## The task
The entries need to be copied exactly as they stand, images left out.

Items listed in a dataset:
^^^^^^^^
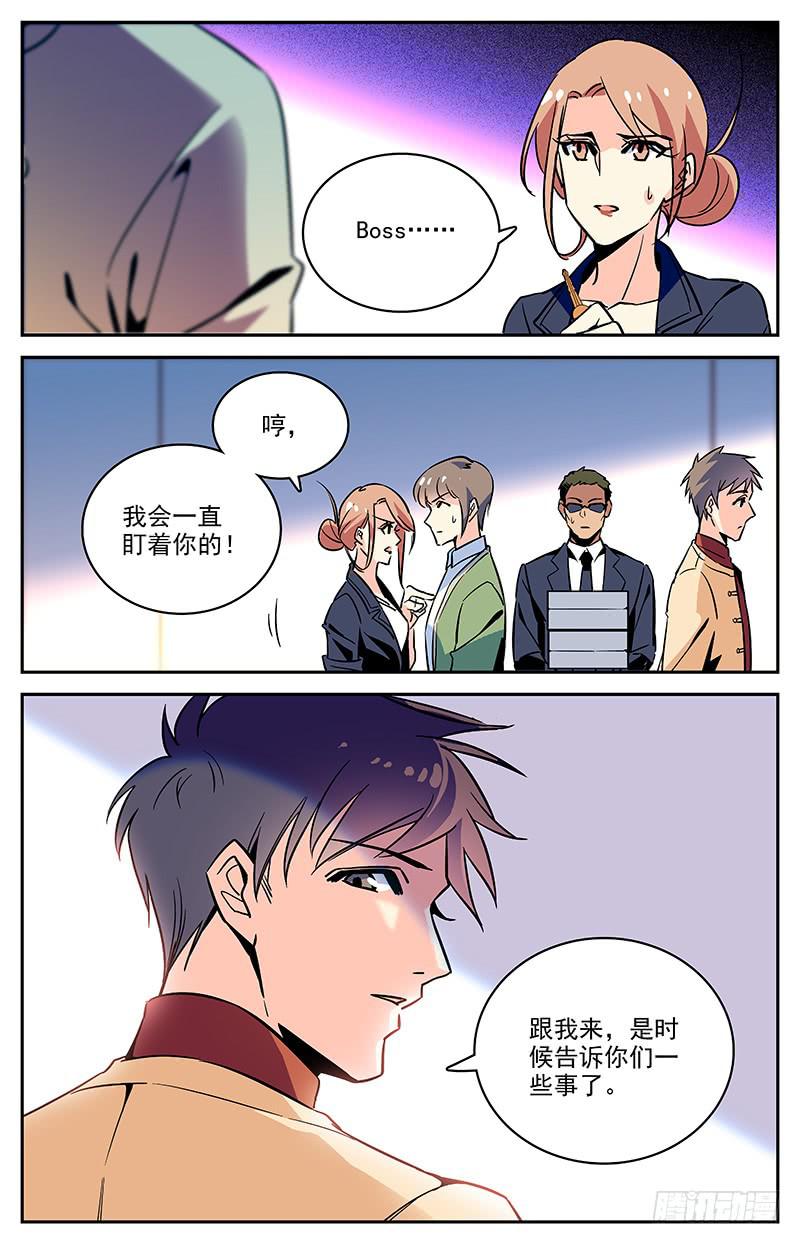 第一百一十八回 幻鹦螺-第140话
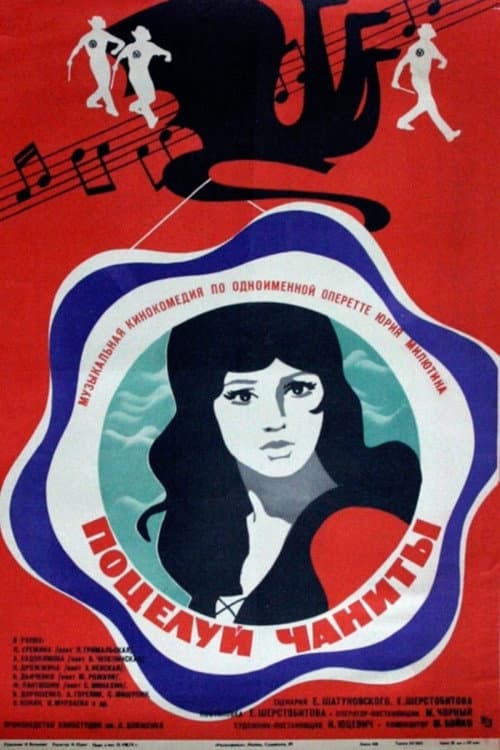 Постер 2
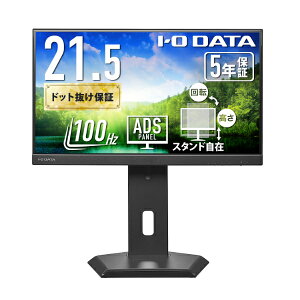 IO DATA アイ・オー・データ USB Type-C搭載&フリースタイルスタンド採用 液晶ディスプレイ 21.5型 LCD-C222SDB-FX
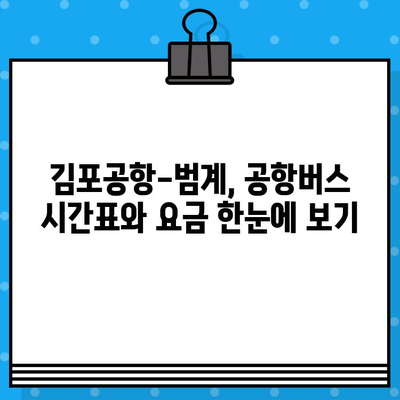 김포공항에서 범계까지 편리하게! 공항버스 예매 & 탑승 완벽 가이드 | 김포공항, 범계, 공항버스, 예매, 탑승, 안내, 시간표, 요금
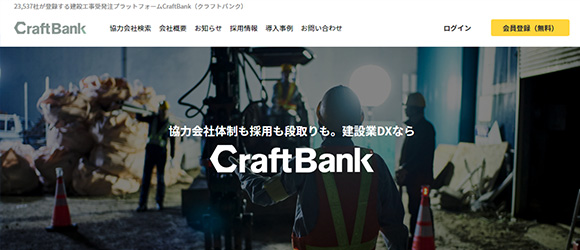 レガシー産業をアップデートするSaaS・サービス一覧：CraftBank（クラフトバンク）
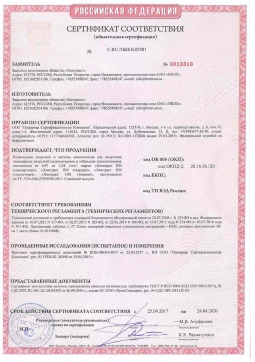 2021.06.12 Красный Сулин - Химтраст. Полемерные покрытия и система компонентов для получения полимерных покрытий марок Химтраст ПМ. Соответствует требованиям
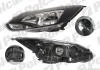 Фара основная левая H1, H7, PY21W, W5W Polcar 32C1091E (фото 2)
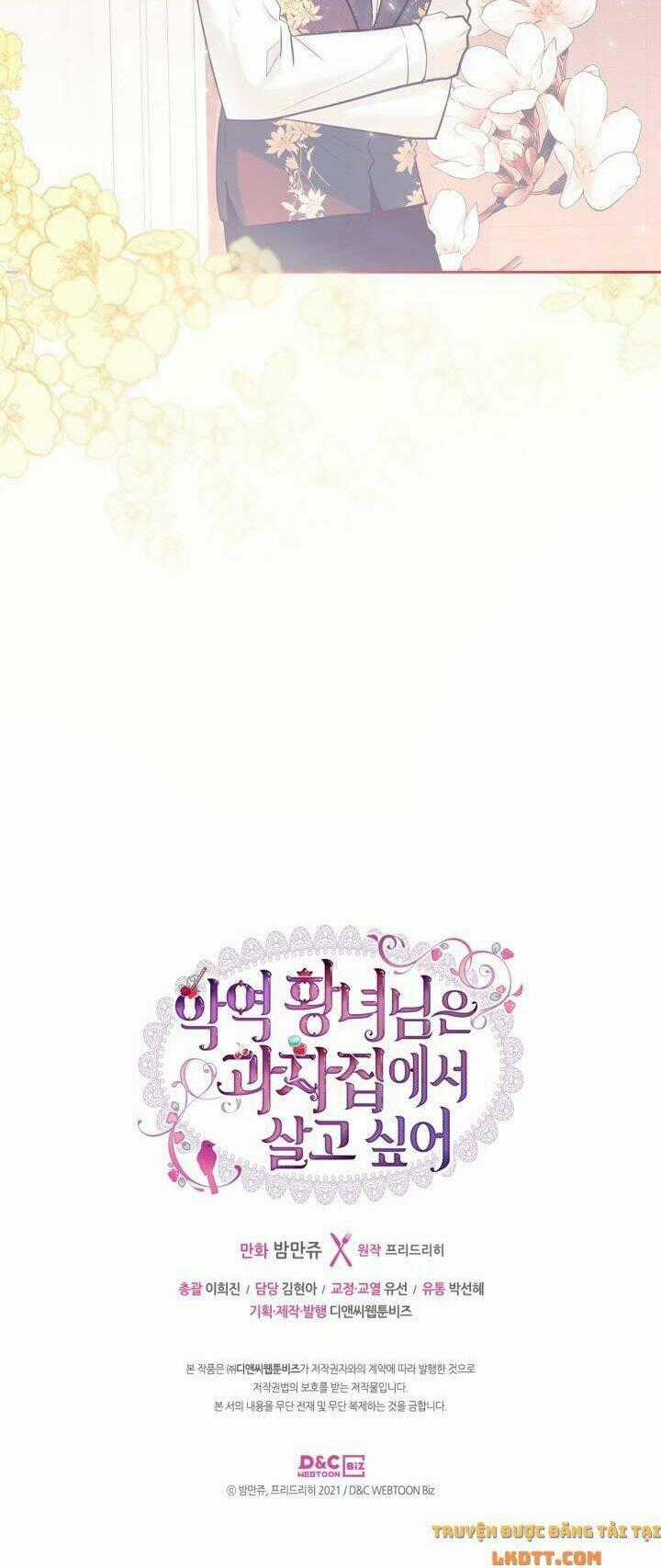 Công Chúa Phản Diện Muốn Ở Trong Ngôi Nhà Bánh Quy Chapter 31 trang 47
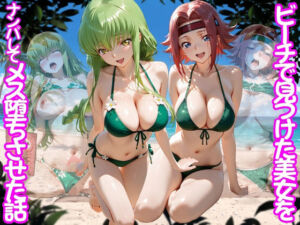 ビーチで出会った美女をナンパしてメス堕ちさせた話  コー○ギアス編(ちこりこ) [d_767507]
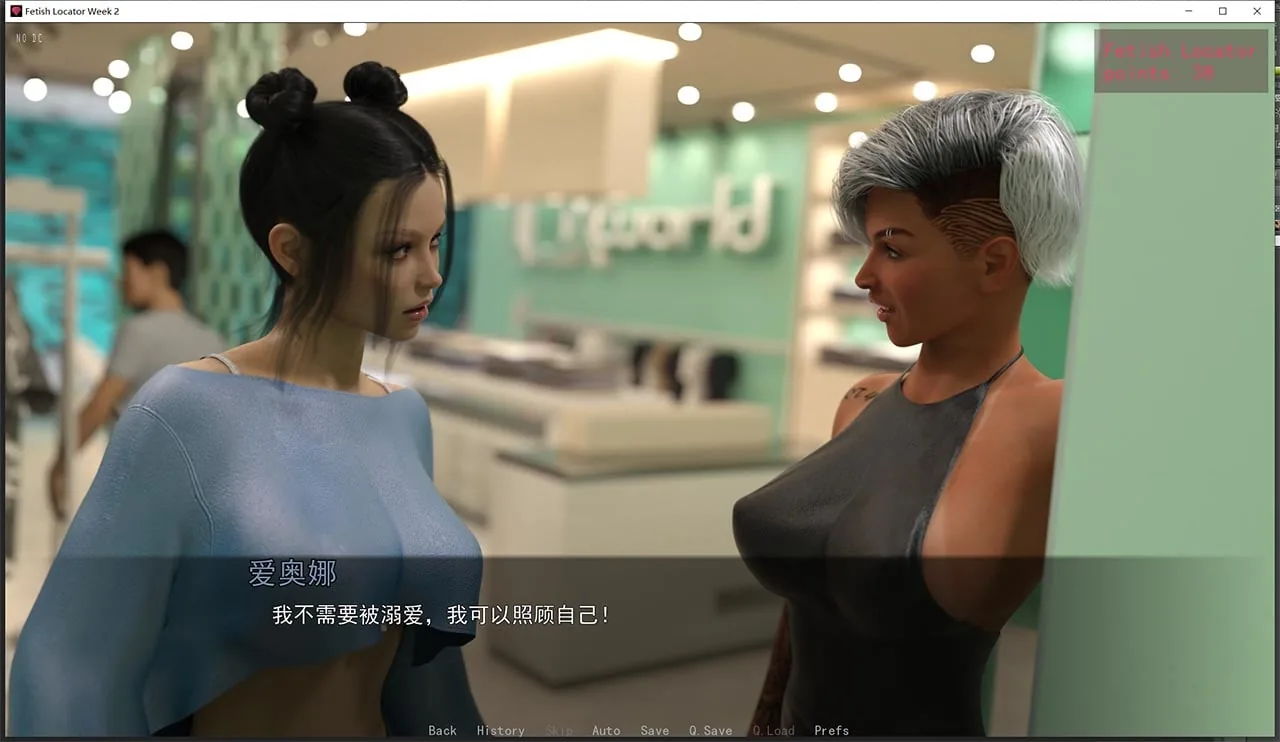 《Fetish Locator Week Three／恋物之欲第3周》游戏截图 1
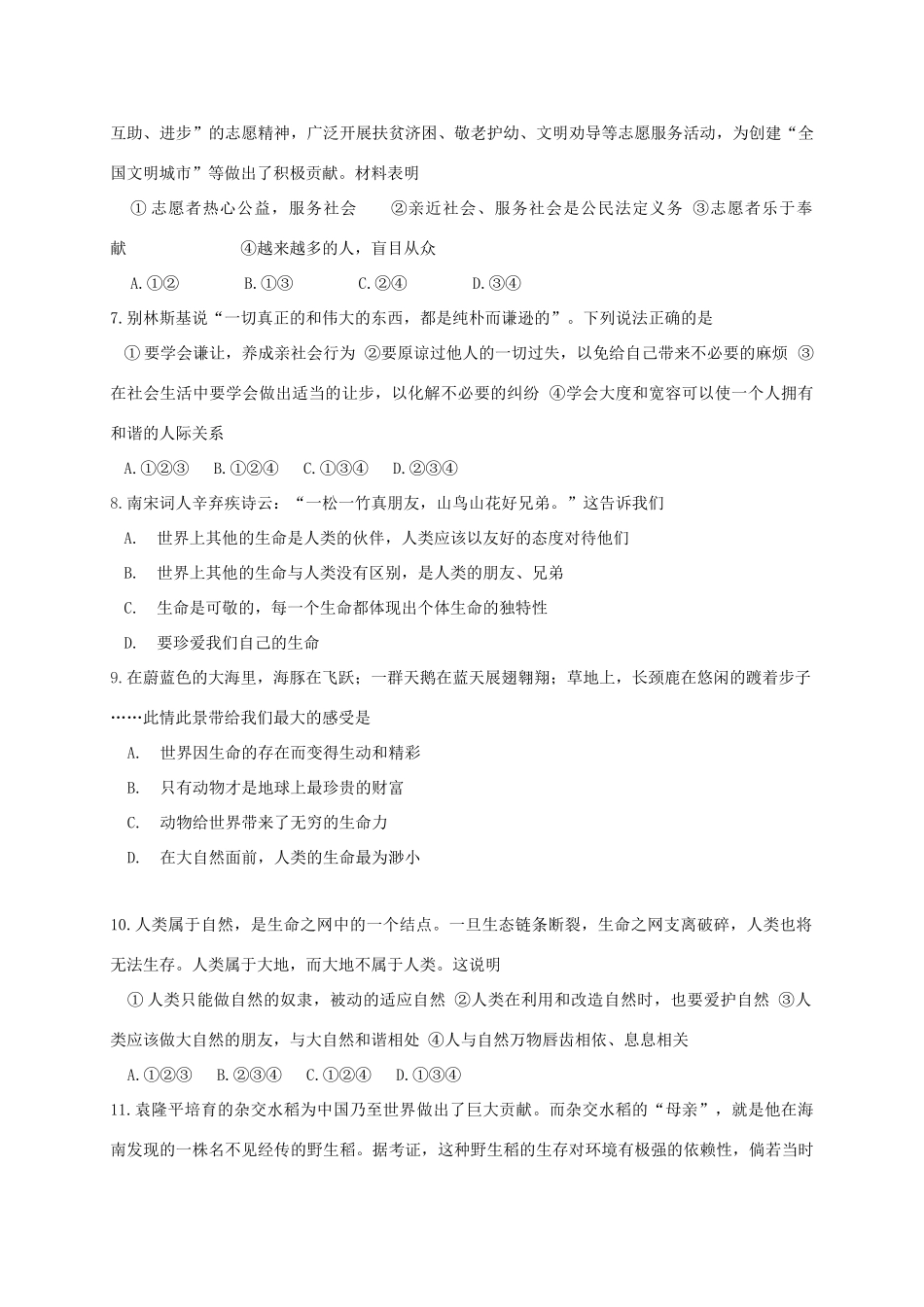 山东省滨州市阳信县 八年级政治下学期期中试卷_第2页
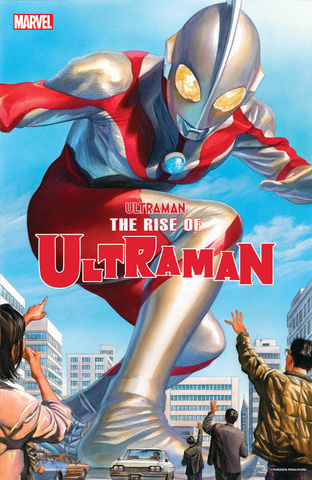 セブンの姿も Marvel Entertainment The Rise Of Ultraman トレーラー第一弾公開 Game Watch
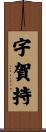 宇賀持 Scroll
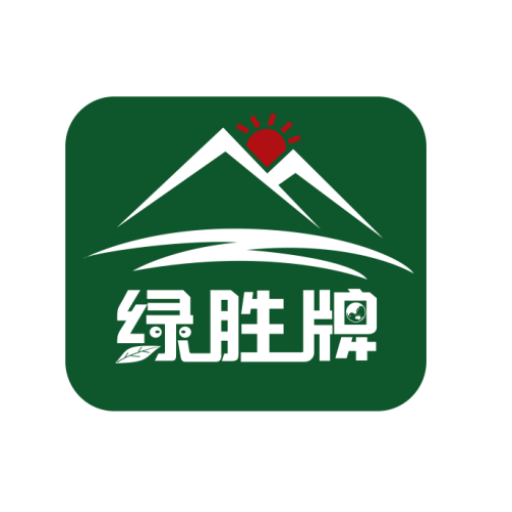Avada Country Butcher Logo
^^^^^^^^
## Solution for this problem
 第一百一十八回 幻鹦螺-第140话
 Постер 2
 IO DATA アイ・オー・データ USB Type-C搭載&フリースタイルスタンド採用 液晶ディスプレイ 21.5型 LCD-C222SDB-FX
 김포공항에서 범계까지 편리하게! 공항버스 예매 & 탑승 완벽 가이드 | 김포공항, 범계, 공항버스, 예매, 탑승, 안내, 시간표, 요금
 レガシー産業をアップデートするSaaS・サービス一覧：CraftBank（クラフトバンク）
 2021.06.12 Красный Сулин - Химтраст. Полемерные покрытия и система компонентов для получения полимерных покрытий марок Химтраст ПМ. Соответствует требованиям
 Фара основная левая H1, H7, PY21W, W5W Polcar 32C1091E (фото 2)
 Công Chúa Phản Diện Muốn Ở Trong Ngôi Nhà Bánh Quy Chapter 31 trang 47
 ビーチで出会った美女をナンパしてメス堕ちさせた話  コー○ギアス編(ちこりこ) [d_767507]
 《Fetish Locator Week Three／恋物之欲第3周》游戏截图 1
 山东省滨州市阳信县 八年级政治下学期期中试卷_第2页
 セブンの姿も Marvel Entertainment The Rise Of Ultraman トレーラー第一弾公開 Game Watch
 宇賀持 Scroll
Avada Country Butcher Logo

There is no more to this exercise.